So lets look at the results of the second test:
Performing SimpleCache benchmark.
EntityOnly: 3121ms – 8KB
IncludeAttributes: 3411ms – 1320KB
IncludePrivileges: 1623ms – 17KB
IncludeRelationships: 3263ms – 304KB
IncludeAttributes, IncludePrivileges: 3721ms – 1329KB
IncludeAttributes, IncludeRelationships: 5567ms – 1615KB
IncludePrivileges, IncludeRelationships: 4175ms – 313KB
All: 5392ms – 1625KB
I did request all entities with all entity items before making this test, just as before. These are the times to retrieve the account, contact and opportunity metadata, meaning that three RetrieveEntityRequest objects are used. Comparing the time with the time needed to request all entities at once shows that you’re better of with a RetrieveAllEntitiesRequest when needing a lot of entities. But again there are some weird results and though I did the same test over and over with different conditions, it turned out that a request with IncludePrivileges is significantly faster than a request with EntityOnly. That doesn’t make any sense to me and maybe my system is broken, so I will do the same tests on multiple machines after returning from my vacation, which starts this Friday. Right now I don’t understand why retrieving more data from the server results in almost half the time (1623ms compared to 3121ms). The same effect doesn’t happen when adding IncludeAttributes or IncludeRelationships.

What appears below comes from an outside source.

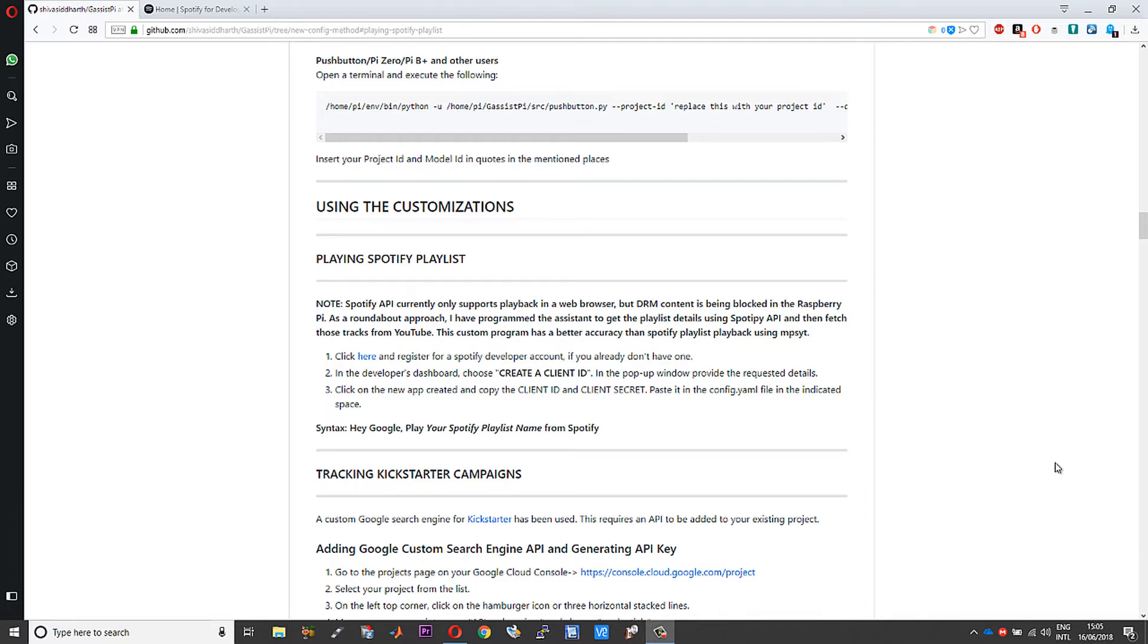That's just a plugin, it's a one-line code using which you can try and playback your Spotify playlist. This custom program what I have written is far more accurate than the mpsyt plugin. If you try, you will realize that.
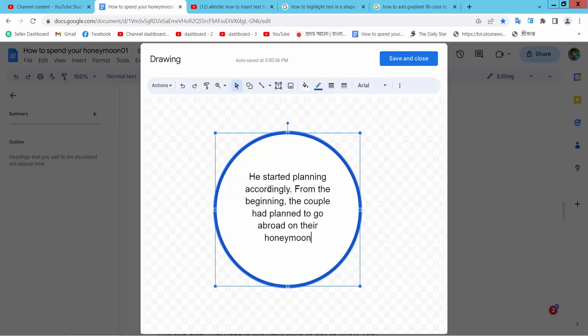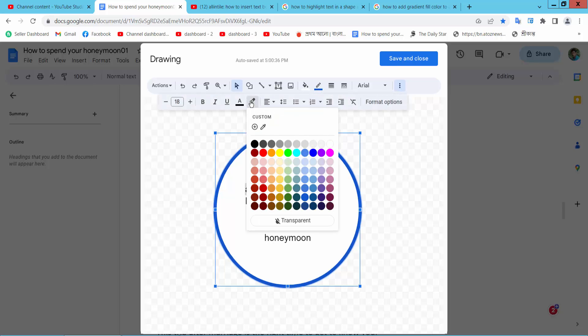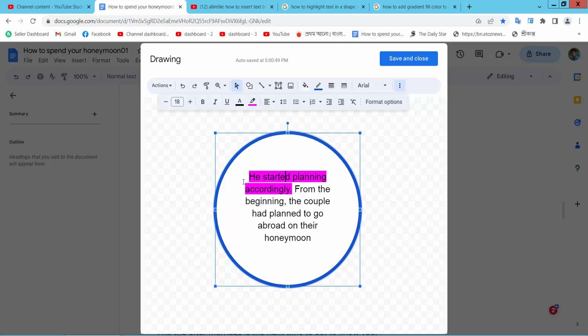Now select your text and select the Edit option. Here I will find the Highlight option and select the Highlight Color.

And something else is different: adding relationships to the request is not the performance killer as before.
I haven’t included the Adjusted column, because I didn’t know how to adjust. Having a negative value in the IncludePrivileges row is strange, so I leave it up to you to do similar tests and either confirm or deny my results and before making further statements I want to do some deeper research.
That was a warm up.
Now it’s time to talk about what to expect from a metadata cache. I have created a lot of them in the past and I can tell you that it’s really complex. A standalone application running on a client machine can of course request the metadata of a single organization and is happy. But when it comes to server-side applications that are multi-tenant aware and have to support multi-language, then it’s not so easy. Here is what I expect from a cache:
- It must provide an organizational cache.
- It must be capable to deal with multiple organizations to support multi-tenancy.
- It should give a choice between read-all-at-once and a lazy-loading approach.
- It should never request more data than needed. For instance, if you request an entity with attributes and relationships and the attributes were already retrieved, then only relationships will be loaded and the result is merged into the existing cache.
- It must be thread-safe. This is very important for server-side applications, where multiple users will call your code in parallel. The cache will be defined as a static member in your implementation, but static members are not thread-safe by default. Intelligent synchronizing of requests is important for a good performance.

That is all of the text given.